On top of it comes financial crisis, highlighting the vulnerability of the working class to the gross errors of laissez-faire economics, a new wave of global warming campaigning calling for green economy and CO2 reduction, as well as the devastating impact from new progressive voters cleverly mobilized via the new medium of the age, the internet.

Give Peace a Chance
When it comes to politics, as well as music, USA and England have always competed about being the main source of cultural influences. Today’s big news is a report from the US intelligence community stating that the unipolar world order is doomed, with the world facing nuclear war by 2025.

The economic break-down of the USA has been anticipated and analyzed for some time. Even Osama bin Laden claims his strategy is to make USA suffer financially, bleeding the enemy to death.

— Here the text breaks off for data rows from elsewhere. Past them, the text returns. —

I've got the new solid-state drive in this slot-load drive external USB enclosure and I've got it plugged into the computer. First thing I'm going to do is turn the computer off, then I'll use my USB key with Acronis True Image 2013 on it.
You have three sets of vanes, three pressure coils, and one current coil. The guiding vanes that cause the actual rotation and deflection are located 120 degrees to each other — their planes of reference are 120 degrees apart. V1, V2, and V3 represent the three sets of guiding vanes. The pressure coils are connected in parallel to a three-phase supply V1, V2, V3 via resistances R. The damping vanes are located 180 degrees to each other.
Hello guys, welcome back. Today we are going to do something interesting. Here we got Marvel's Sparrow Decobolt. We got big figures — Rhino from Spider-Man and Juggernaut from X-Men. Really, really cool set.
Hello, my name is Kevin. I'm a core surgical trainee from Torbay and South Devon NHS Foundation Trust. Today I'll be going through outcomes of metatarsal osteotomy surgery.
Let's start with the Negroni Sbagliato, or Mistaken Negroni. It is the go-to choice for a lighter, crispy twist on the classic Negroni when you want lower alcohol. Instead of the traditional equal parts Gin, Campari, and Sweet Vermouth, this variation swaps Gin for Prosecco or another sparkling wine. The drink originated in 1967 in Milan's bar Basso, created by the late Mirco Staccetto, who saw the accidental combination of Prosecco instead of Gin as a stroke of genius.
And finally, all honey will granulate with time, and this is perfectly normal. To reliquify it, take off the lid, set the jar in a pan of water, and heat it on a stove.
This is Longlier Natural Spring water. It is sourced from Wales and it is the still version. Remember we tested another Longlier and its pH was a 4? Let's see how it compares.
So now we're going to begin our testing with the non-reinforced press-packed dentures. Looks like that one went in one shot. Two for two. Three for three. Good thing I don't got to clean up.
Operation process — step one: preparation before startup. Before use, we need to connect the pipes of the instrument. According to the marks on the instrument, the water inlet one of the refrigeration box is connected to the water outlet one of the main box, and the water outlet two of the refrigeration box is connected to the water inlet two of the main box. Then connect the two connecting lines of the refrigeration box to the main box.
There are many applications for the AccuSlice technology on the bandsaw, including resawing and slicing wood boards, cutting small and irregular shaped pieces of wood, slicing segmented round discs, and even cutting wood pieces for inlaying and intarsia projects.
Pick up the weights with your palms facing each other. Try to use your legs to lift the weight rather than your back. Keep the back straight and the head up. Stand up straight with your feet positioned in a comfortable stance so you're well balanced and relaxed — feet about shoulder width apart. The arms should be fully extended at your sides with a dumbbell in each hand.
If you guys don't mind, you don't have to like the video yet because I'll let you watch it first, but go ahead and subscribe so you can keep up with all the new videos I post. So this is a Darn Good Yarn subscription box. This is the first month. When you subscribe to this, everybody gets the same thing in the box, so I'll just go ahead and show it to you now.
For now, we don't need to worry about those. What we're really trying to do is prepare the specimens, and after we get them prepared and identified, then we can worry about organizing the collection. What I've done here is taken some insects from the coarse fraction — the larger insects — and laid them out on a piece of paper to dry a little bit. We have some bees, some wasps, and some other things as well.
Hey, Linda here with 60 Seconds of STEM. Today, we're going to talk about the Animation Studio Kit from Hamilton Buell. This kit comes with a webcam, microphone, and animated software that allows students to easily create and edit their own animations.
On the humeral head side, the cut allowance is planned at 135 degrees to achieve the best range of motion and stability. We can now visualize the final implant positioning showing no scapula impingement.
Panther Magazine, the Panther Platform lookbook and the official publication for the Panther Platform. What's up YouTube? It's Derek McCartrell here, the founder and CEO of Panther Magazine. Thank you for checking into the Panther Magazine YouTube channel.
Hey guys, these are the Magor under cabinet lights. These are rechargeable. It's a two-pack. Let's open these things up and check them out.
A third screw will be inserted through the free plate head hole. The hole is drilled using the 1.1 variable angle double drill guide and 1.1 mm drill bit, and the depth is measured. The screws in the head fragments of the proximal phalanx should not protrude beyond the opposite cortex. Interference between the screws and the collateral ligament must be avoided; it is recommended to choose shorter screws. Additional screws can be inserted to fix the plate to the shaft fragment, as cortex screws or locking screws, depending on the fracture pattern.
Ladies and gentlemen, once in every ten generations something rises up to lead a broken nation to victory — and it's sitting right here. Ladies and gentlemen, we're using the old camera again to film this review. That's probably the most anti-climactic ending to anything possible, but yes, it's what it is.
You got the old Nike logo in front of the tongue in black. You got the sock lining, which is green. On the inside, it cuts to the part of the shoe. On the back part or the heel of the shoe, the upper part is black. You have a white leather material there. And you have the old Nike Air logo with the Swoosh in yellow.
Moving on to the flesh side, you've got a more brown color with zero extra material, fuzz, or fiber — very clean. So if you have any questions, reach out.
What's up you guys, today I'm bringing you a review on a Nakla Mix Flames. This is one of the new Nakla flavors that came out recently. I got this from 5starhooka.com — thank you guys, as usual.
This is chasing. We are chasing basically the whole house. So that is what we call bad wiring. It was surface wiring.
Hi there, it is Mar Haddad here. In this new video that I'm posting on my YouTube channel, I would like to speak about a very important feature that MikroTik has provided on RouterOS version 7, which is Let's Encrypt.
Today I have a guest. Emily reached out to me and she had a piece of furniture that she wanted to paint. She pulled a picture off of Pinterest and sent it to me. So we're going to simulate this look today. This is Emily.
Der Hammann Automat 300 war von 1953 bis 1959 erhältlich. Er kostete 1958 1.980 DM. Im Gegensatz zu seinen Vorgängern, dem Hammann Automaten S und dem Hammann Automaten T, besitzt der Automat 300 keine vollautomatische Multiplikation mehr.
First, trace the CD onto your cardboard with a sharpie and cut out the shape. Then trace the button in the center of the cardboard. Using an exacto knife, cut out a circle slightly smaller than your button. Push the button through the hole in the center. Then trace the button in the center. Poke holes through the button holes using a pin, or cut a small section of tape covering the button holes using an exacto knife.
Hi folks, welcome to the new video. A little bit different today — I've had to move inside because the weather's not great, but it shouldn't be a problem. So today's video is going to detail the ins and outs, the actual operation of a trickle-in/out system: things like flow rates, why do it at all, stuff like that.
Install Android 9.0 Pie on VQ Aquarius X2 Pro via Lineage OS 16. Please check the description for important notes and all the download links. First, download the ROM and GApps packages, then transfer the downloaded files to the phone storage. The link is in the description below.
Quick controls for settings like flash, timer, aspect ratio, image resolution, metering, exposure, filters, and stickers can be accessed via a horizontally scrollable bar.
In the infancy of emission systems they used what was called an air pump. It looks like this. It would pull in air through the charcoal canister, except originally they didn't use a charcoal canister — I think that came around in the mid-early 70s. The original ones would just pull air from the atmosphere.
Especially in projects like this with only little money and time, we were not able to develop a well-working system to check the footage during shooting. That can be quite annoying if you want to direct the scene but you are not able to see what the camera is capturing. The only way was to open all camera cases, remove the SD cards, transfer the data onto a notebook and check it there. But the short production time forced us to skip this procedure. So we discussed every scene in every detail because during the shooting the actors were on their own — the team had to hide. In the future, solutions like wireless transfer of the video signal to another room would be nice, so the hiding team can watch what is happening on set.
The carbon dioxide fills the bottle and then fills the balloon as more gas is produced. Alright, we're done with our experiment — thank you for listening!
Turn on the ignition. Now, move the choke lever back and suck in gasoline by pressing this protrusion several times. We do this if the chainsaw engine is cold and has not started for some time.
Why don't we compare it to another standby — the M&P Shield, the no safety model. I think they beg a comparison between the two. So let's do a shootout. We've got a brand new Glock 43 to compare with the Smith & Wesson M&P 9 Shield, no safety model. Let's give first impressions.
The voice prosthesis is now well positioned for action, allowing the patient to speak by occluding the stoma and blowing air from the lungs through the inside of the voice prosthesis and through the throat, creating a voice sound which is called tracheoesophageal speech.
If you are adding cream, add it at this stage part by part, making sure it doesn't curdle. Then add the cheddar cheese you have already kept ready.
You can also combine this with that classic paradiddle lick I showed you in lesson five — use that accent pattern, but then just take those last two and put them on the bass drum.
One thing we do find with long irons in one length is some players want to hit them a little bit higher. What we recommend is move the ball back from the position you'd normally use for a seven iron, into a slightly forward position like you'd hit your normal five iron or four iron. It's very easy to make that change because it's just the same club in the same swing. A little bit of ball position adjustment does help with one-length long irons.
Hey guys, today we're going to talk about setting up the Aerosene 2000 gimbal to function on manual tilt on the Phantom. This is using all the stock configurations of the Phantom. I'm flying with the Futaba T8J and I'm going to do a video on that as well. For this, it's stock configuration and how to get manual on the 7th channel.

The thing about James Bond is that he never loses his cool. The British philosophy of the stiff upper lip is summarized in the drink order: “Shaken, not stirred.” The least popular Bond-movies are the ones where he is Americanized and vindictive, pursuing a personal goal rather than elegantly disposing of enemies to the Commonwealth. He symbolizes the difference between the muscular approach of USA and the subtle manipulations of levers and cogs in the public opinion conducted by an apparatus that legitimately can call itself "intelligence".

The world order we are living may still be unipolar, with USA standing tall as the superpower, revitalized by Barack Obama’s election victory. But the cultural climate we are living in is more Beatles than Rolling Stones, more Give Peace a Change than Paint it Black, so to speak. It is a return to the old way of doing things, to soft power against hard challenges, and to that age old virtuous discipline of geopolitical manoeuvring called diplomacy.

Greed and selfishness will still rule the agenda. Terrorism will still be the big boogie-man used to install loyalty to government and tolerance for harsh security measures. Secret agents will still scheme to topple governments, assassinate guerrilla leaders and collect data on dissidents and thought-offenders.

The US wing of Western intelligence is desperately trying to regain control with intelligence reports suggesting that Osama bin Laden is planning a massive terrorist attack on US soil or the recent Global Trends 2025 - a Transformed World, projecting global thermo-nuclear war in the year 2025 as a result of the end of American supremacy.

But brute force is, for a little while, no longer an approach we take delight in. The cowboy is out… and coming out shooting is frowned upon. The professor is in… even if he may still have a license to kill.